I can understand the rationale behind this as you control all aspects of the code. However, there is a slight difference in your implementation, when it comes to the isTimeoutError: Boolean override.
That method is used inside TROBaseSuperChannelWorker.DoExecute like this:

      if not FBaseSuperConnection.isTimeoutError then begin
        {$IFDEF uROBaseSCHelpers_DEBUG_ARC}LogARC('--> TryReadByte=False. before Disconnect');try{$ENDIF}
        Disconnect;
        {$IFDEF uROBaseSCHelpers_DEBUG_ARC}finally LogARC('--> TryReadByte=False. before Disconnect'); end;{$ENDIF}
        Break; // disconnected
      end;

So, if isTimeoutError returns true, the failure to read one byte is ignored and the connection is kept open.
In the Indy case, the isTimeoutError method returns the value of FTimeOutError which in my real case above is set to True inside TROIndySuperConnection.TryReadByte because _ReadFromStack returned -1
With your own implementation though, the isTimeoutError method returns False because fConnection.LastError is not ETIMEDOUT. And indeed, inside TROSocket.CanRead there is no code that takes into account the fact that if RO_Select returns 0, then it’s because the timeout was reached. If I change the code to now read like this:

  x := RO_Select(fSocket + 1, @lFDSet, nil, nil, ptv);
  if x = 0 then
    fLastError := ETIMEDOUT
  else
    SockCheck(x);

Then the isTimeoutError method returns True and the connection is not closed, bringing the situation back to what it was with version 9.4
So, the real error lies inside TROSocket.CanRead but it also comes from the fact that TROSuperTCPChannel was changed to use another implementation.
And that does not remove the questioning about the computed timeout value, which to me, does not make sense in network terms.

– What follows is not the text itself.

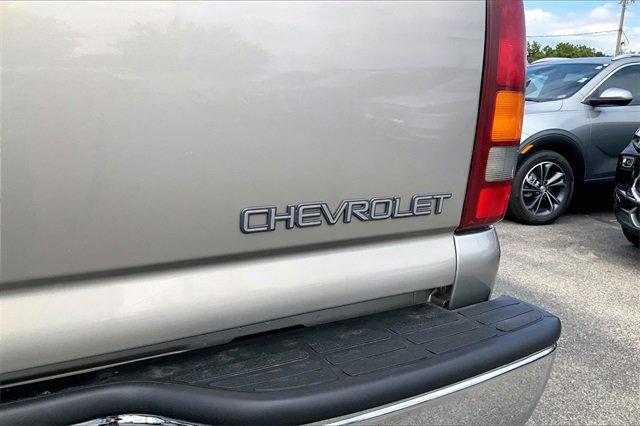 2002 Chevrolet Silverado 1500 Vehicle Photo in INDEPENDENCE, MO 64055-1377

EvgenyK · September 22, 2020, 10:35am

Hi,

Can you send your testcase to support@, pls?
I’d like to reproduce this issue locally

obones · September 22, 2020, 11:48am

Even better, now that I know the issue comes from TROSuperTCPChannel, I was able to reproduce the issue in a simple test case: ROWaitThenRaise.zip (119.0 KB)

Compile both the server and client, start both then click on the “Test” button in the client.
You’ll see that the client thread disappears after 24 seconds and you get a timeout instead of the expected exception.
Change to any other “Super” channel, or apply the fix above and all is back to normal.

RemObjectsSoftware · September 23, 2020, 8:13am

Thanks, logged as bugs://84968

RemObjectsSoftware · September 23, 2020, 8:17am

bugs://84968 got closed with status fixed.